- _Exercise input_
▬▬▬
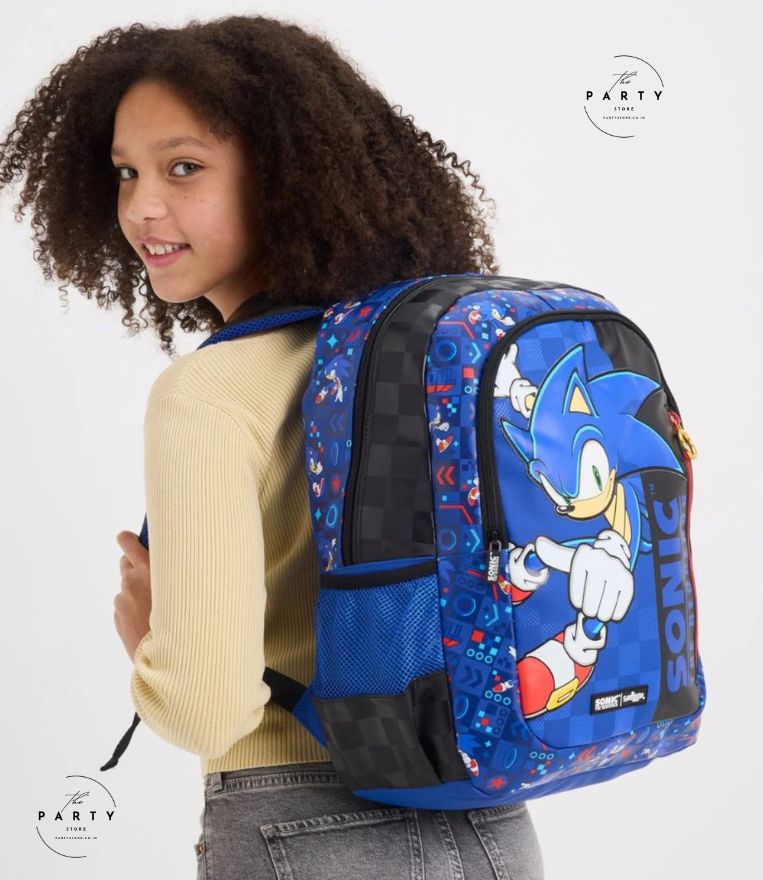 Sonic theme Backpack for kids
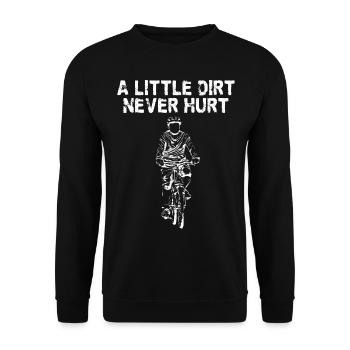 Enduro VTT VTT Équitation - Sweat-shirt Unisexe - noir - Devant - Alina (178cm) & Michal (187cm)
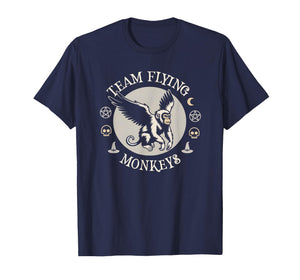 Vintage Team Flying Monkeys Wizard Spell Witch RPG Magic T-Shirt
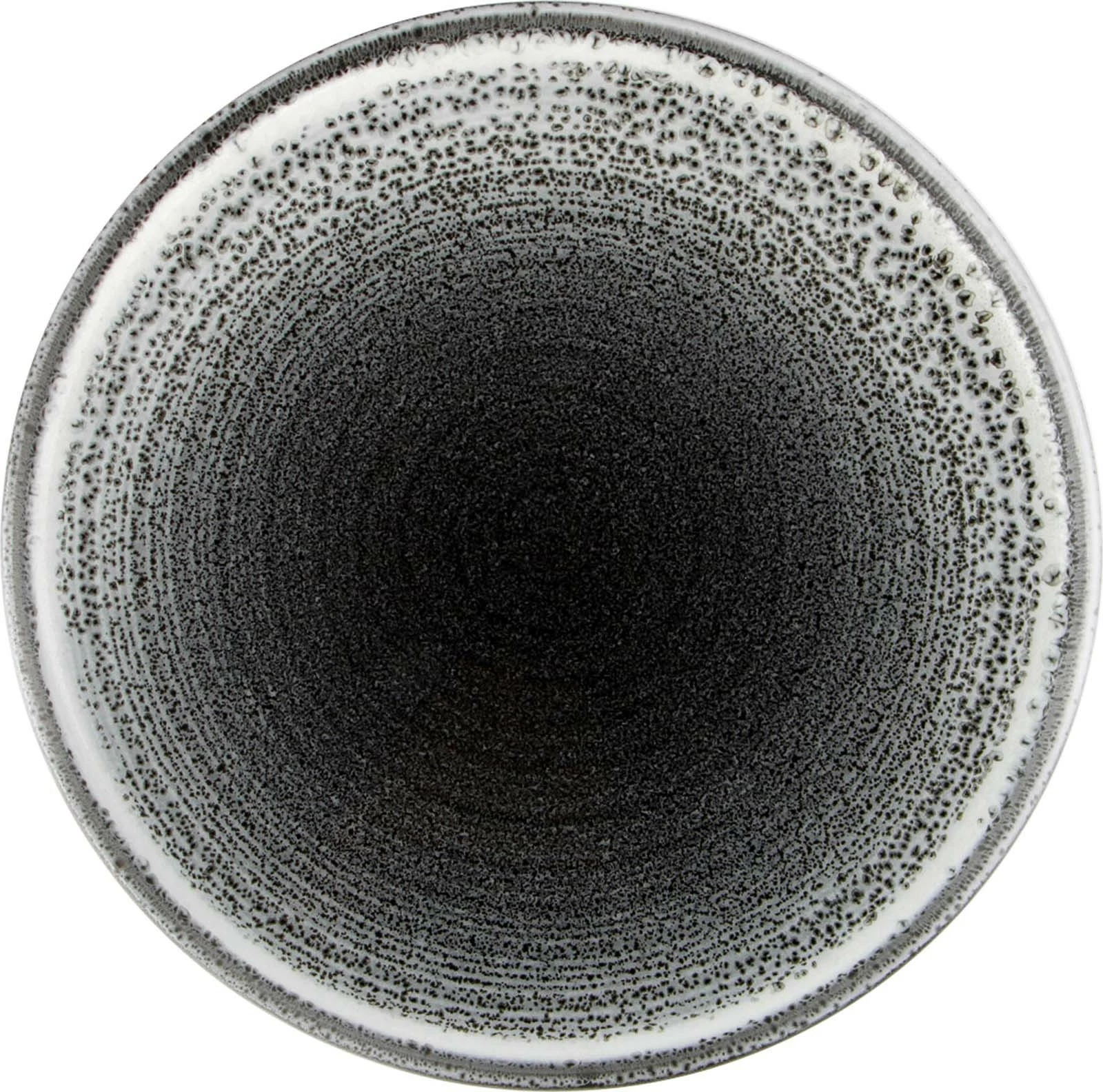 Pjatë e sheshtë Porland Twilight 300 mm, gri, set 6 copë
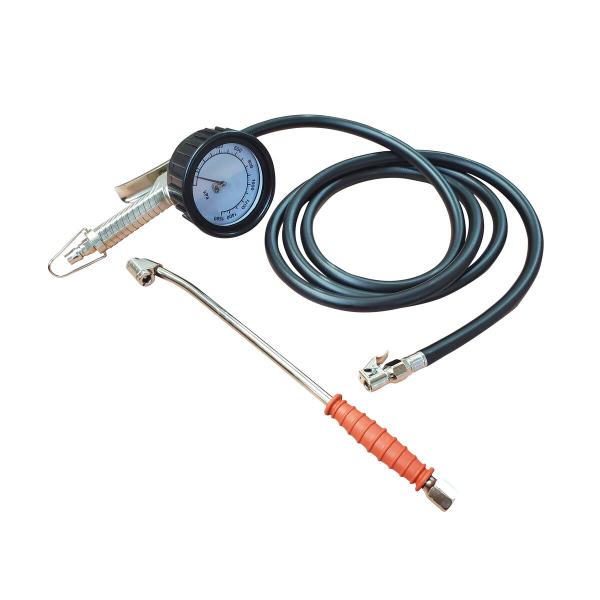 ●トラック用の手押し式と固定式、2種類のチャックが付属。●乗用車から大型トラックの後輪まで、チャックを交換するだけで、幅広く使用できます。●手押し式チャックは、新ISO規格ホイール対応。●2500mmホース仕様で安全にエアの充填が可能です。...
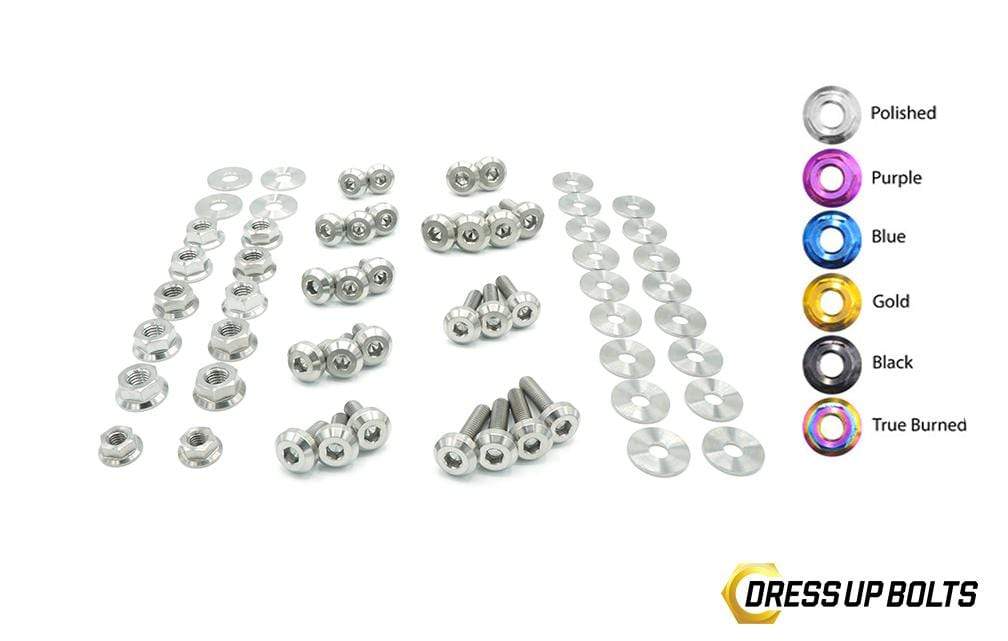 Infiniti Q60 (2017-Present) Titanium Dress Up Bolts Engine Bay Kit - DressUpBolts.com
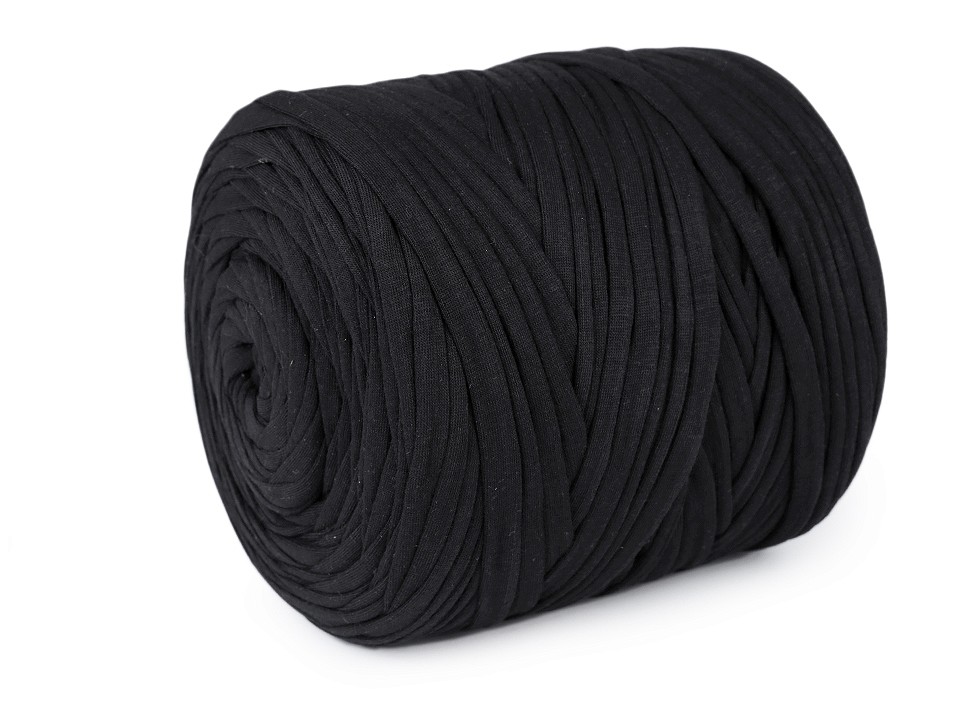 T-Shirt / Spaghetti Yarn 700 g - black, 1 Buc.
▬▬▬
- _What is required_
Without the pictures, repeat the listing above exactly.

- _Expected answer_
 Sonic theme Backpack for kids
 Enduro VTT VTT Équitation - Sweat-shirt Unisexe - noir - Devant - Alina (178cm) & Michal (187cm)
 Vintage Team Flying Monkeys Wizard Spell Witch RPG Magic T-Shirt
 Pjatë e sheshtë Porland Twilight 300 mm, gri, set 6 copë
 ●トラック用の手押し式と固定式、2種類のチャックが付属。●乗用車から大型トラックの後輪まで、チャックを交換するだけで、幅広く使用できます。●手押し式チャックは、新ISO規格ホイール対応。●2500mmホース仕様で安全にエアの充填が可能です。...
 Infiniti Q60 (2017-Present) Titanium Dress Up Bolts Engine Bay Kit - DressUpBolts.com
 T-Shirt / Spaghetti Yarn 700 g - black, 1 Buc.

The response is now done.